As Georgetown professor and computer scientist Cal Newport explains in his book “Digital Minimalism: Choosing a Focused Life in a Noisy World,” society has now entered the era of the “attention economy,” where media companies do everything in their power to hold people’s attention — for forever. In conjunction with tech companies, these outlets turn otherwise healthy people into helpless junkies enslaved to the apps on their smartphones.

Like any addiction, this one feeds a destructive cycle. People latch onto progressive narratives because they offer someone to blame. That brings short-term relief, but it quickly fades. The need for comfort drives them to consume even more leftist content, which distorts their view of the world and fuels resentment. Anxiety deepens. Misery spreads.

As their emotional state deteriorates, they seek comfort in even more content. Eventually, this behavior sabotages their ability to function. They become dependent on the very content that made them feel worse in the first place. Many even join the performance, filming themselves crying, ranting, and broadcasting their despair for clicks.

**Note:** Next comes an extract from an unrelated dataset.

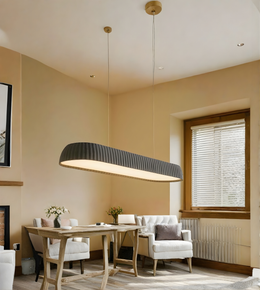 Modern dining room with a pendant light fixture, table, chairs, and a window.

Meanwhile, the titans of the attention economy grow wealthier and more powerful. They refine their algorithms, suppress dissent, and tighten their grip. The last thing they want is for their users to wake up — to take Newport’s advice, unplug, and rediscover meaning in the real world. They might just find happiness. And stop drifting left.

Model a different life

This presents an opportunity for conservatives hoping to transform the culture. The answer isn’t just a matter of advocating time-tested ideas but of modeling the habits that reinforce these ideas. Rather than view leftists as incorrigible scoundrels and idiots who refuse to open their eyes, conservatives should see them as unfortunate people who have been seduced, reduced, and enslaved by powerful corporate and government interests.

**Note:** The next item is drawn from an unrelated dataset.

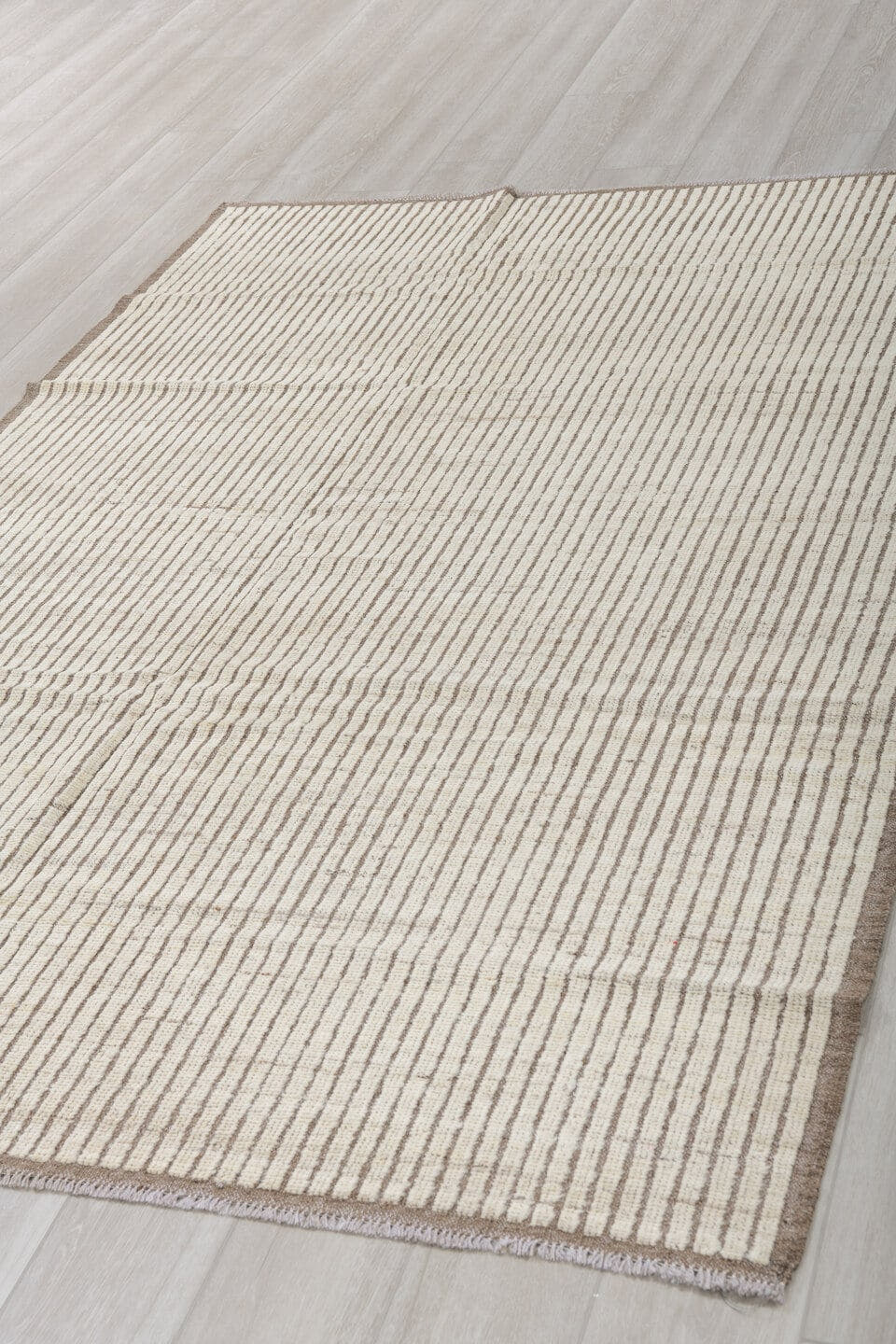 5' x 8' one-of-a-kind handmade vintage Tulu medium size rug. Color palette: ivory, taupe, brown, cream, beige, gray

This means that conservatives should do more than offer political arguments — we must pull them away from the vicious cycle through modeling a better life. Leftists (and many on the online right, for that matter) must be reminded that being perpetually online and endlessly scrolling is a recipe for sadness. In contrast, church, family, friends, and meaningful work are what empower people. They are what make us human — and happy.

Once the cycle is broken — and the leftist has regained some control over himself — the case for conservatism becomes much easier. If Nate Silver is right that sad people gravitate to the left, then it’s only logical to assume happy people should be attracted to the right. Conservatives should cherish those values and habits that make them, on average, happier and more fulfilled. It’s time to stop drinking leftist tears and help them out of their malaise.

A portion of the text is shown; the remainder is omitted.